[SUPPLIED DATA — start]

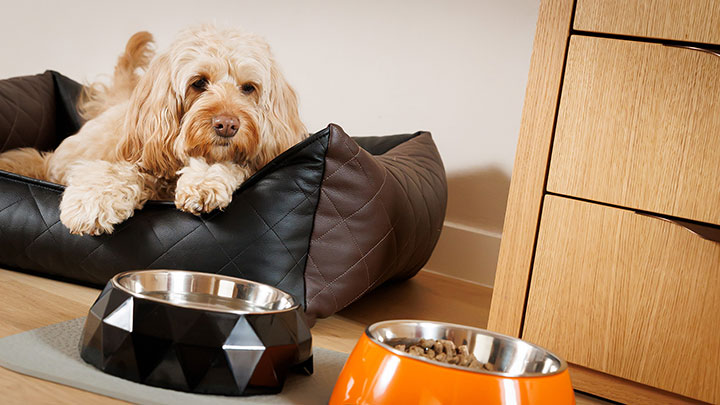 hotel villa orange erlebnis hund frankfurt25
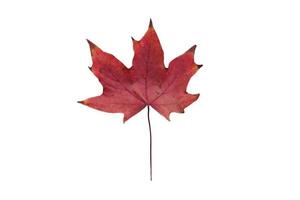 939 Red leaf isolated on a transparent background photo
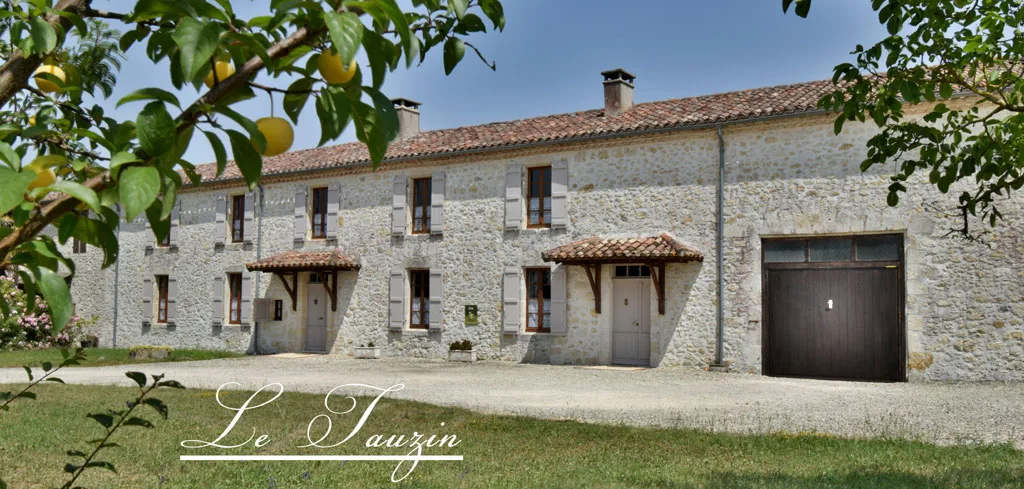 Le Tauzin photo 2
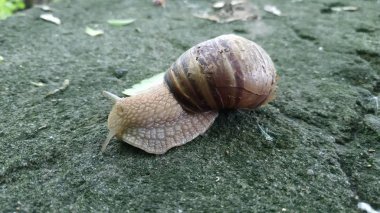 Yeşil bir ormanda bir taşın üzerinde sürünen salyangozlar. Salyangoz üzerinde sürünen 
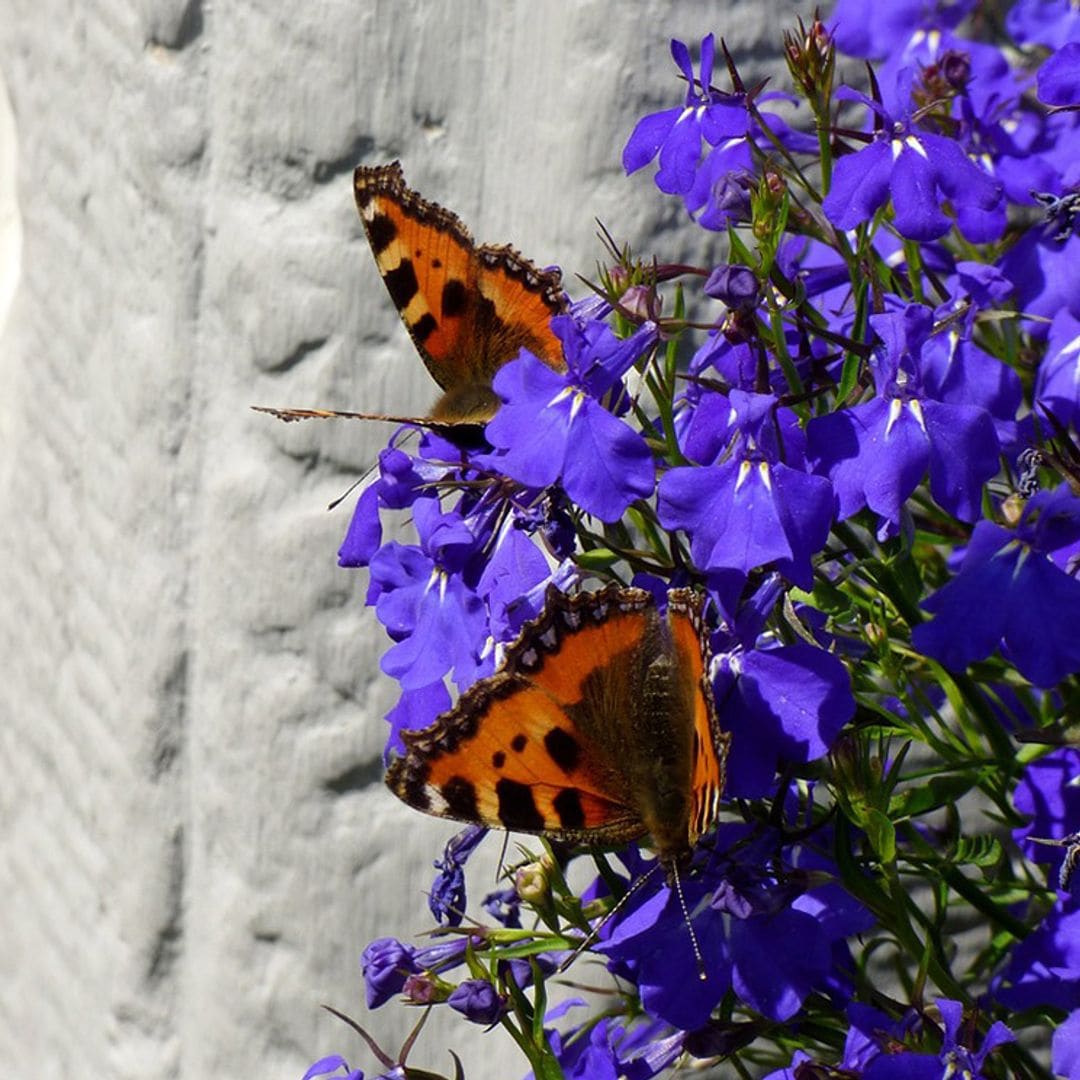 Lobelia, la flor azul que llenará tu jardín de color y una belleza rústica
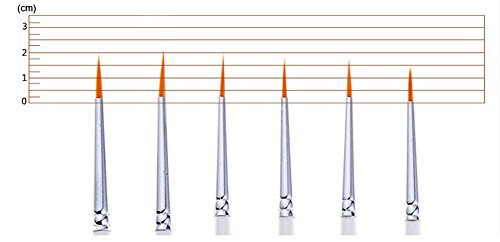 Fine Detail Paint Brush Set, 6 Pieces Miniature Art Brushes for Fine Detailing,Art Painting - Acrylic, Watercolor, Oil - Miniatures, Models, Airplane Kits, Nail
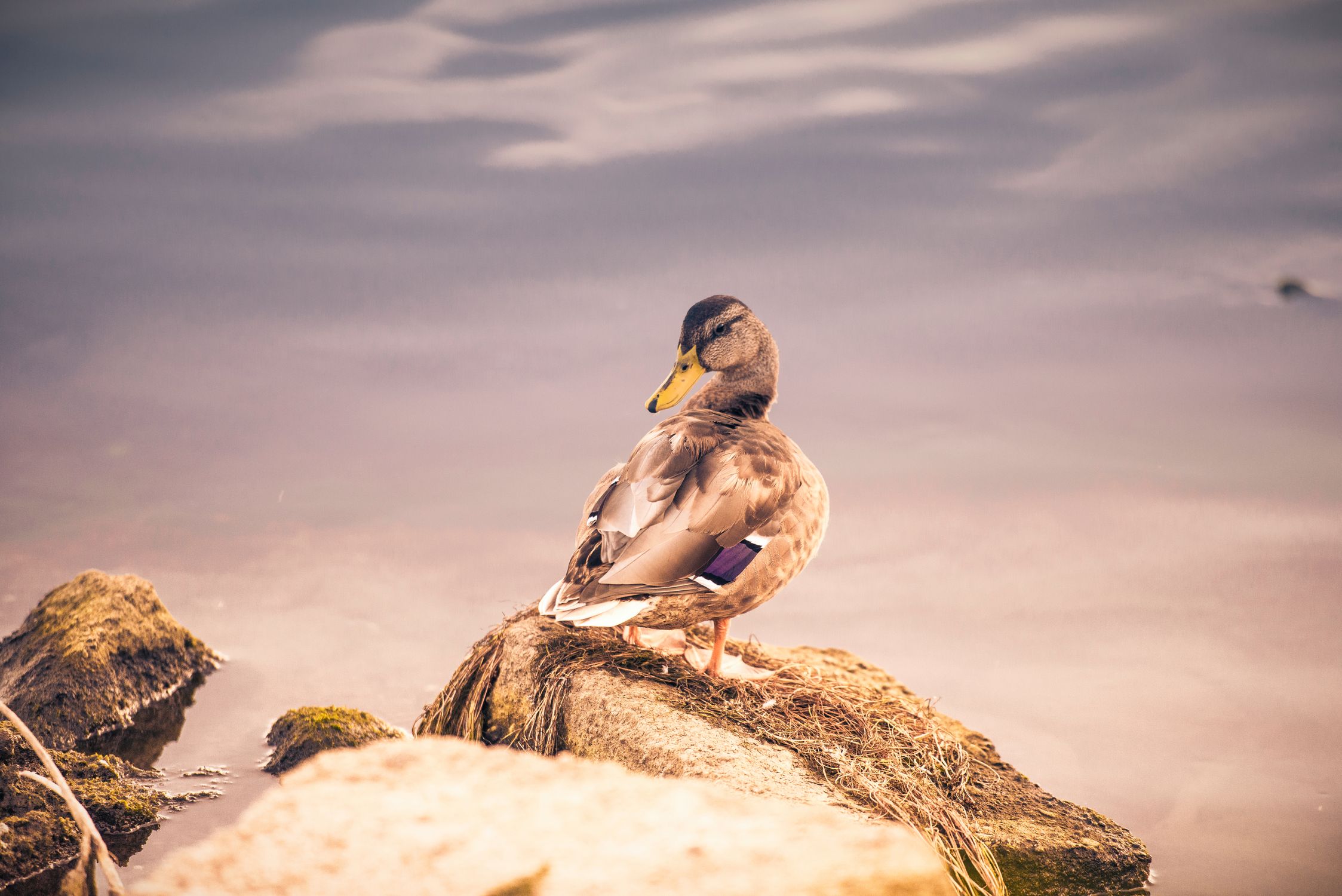 A duck sitting on a rock in the water · Free Stock Photo
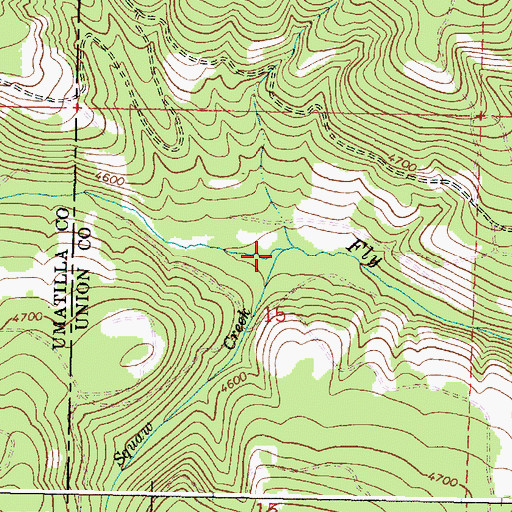Topographic Map of Peskit Creek, OR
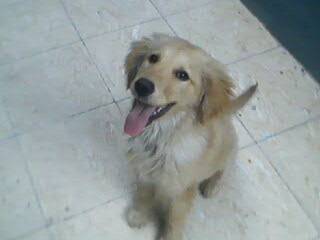Roque - Golden Retriever Mâle (4 mois)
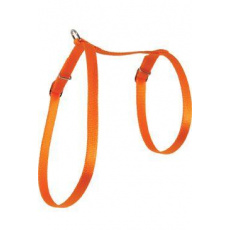 Postroj kočka nylon 10mm oranžový Zolux Postroj kočka nylon 10mm oranžový Zolux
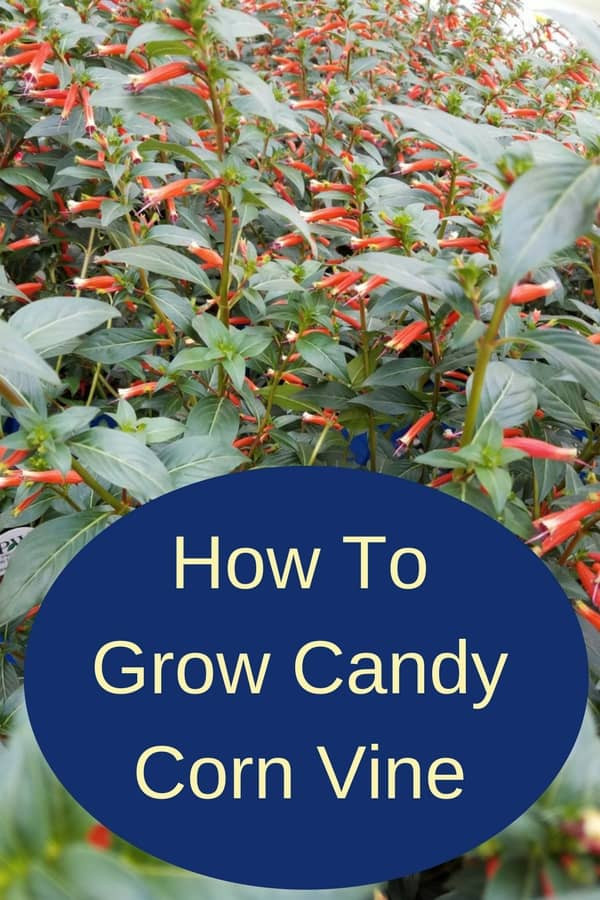 Candy Corn Vine
 Growing Candy Corn Vine Manettia Inflata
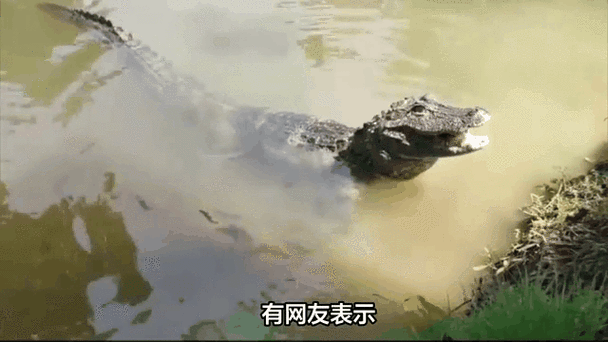 钓到鳄鱼拎进派出所,钓鱼钓到鳄鱼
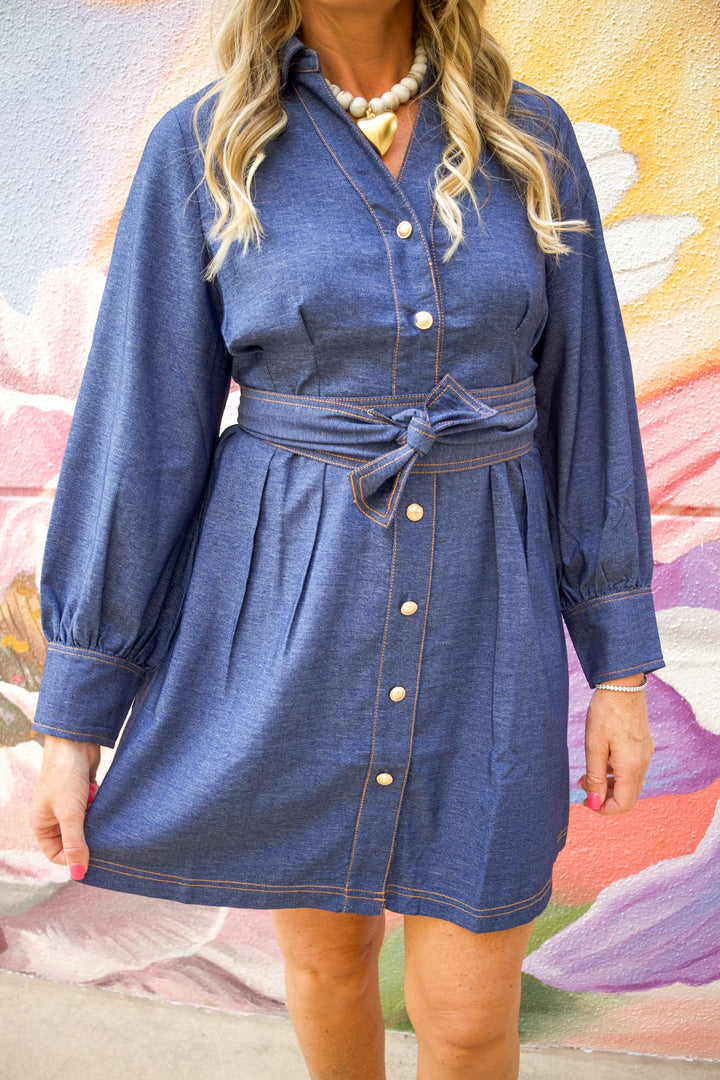 Jade Dress Luna Collared Shirt Dress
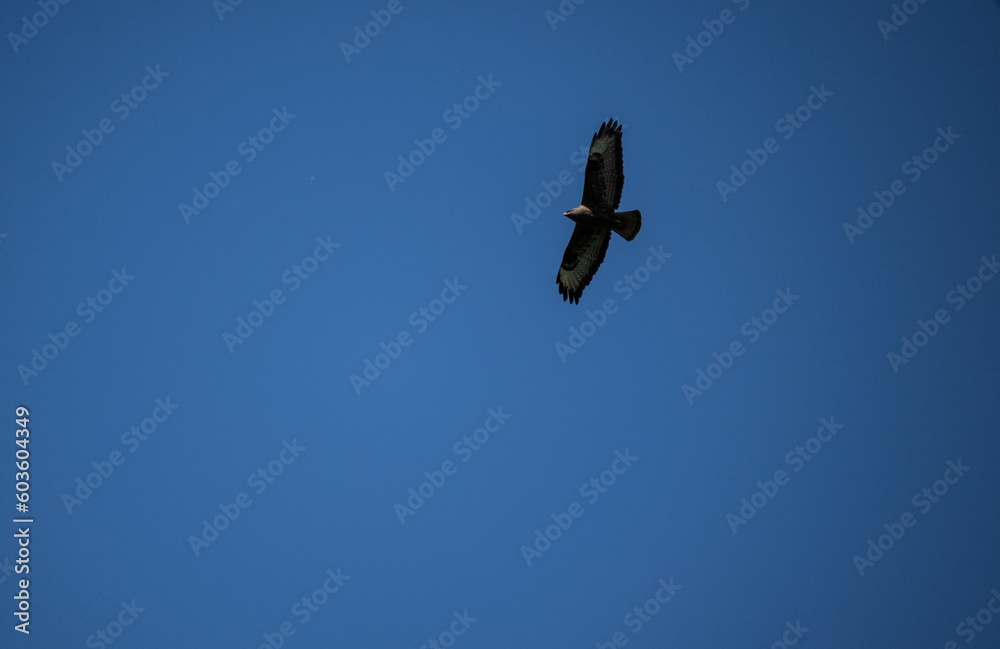 bird of prey - brown buzzard flies over the clearing and hunts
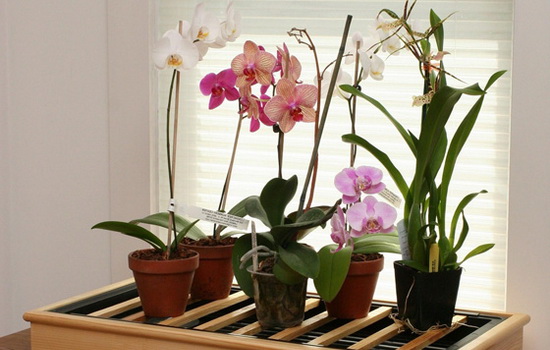 Советы и рекомендации по правильному уходу за орхидеями дома. Все о правильном уходе за орхидеями: выращивание, пересадка, полив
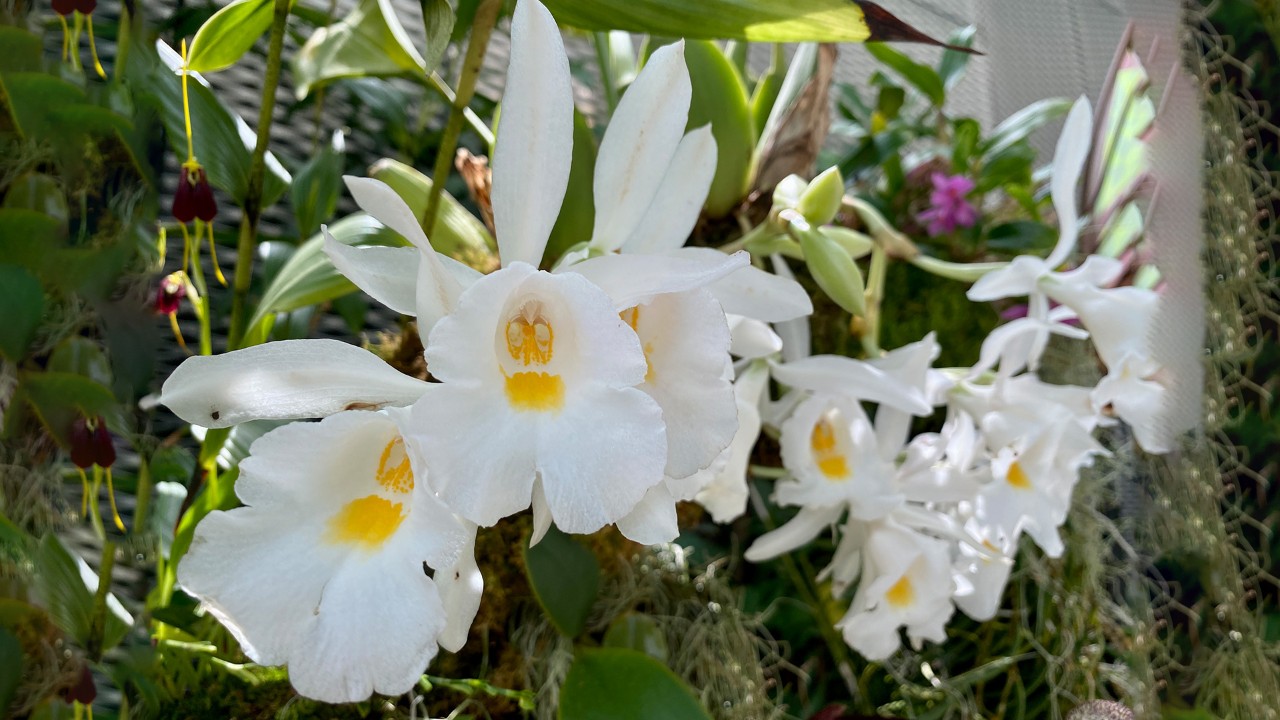 Flowers and spikes emerging from the base of their pseudobulbs.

[SUPPLIED DATA — finish]

# EXERCISE
Give back exactly the run of lines that opens the material above and ends at the line with "Yeşil bir ormanda". Omit the pictures.

# FINISHED EXERCISE
 hotel villa orange erlebnis hund frankfurt25
 939 Red leaf isolated on a transparent background photo
 Le Tauzin photo 2
 Yeşil bir ormanda bir taşın üzerinde sürünen salyangozlar. Salyangoz üzerinde sürünen 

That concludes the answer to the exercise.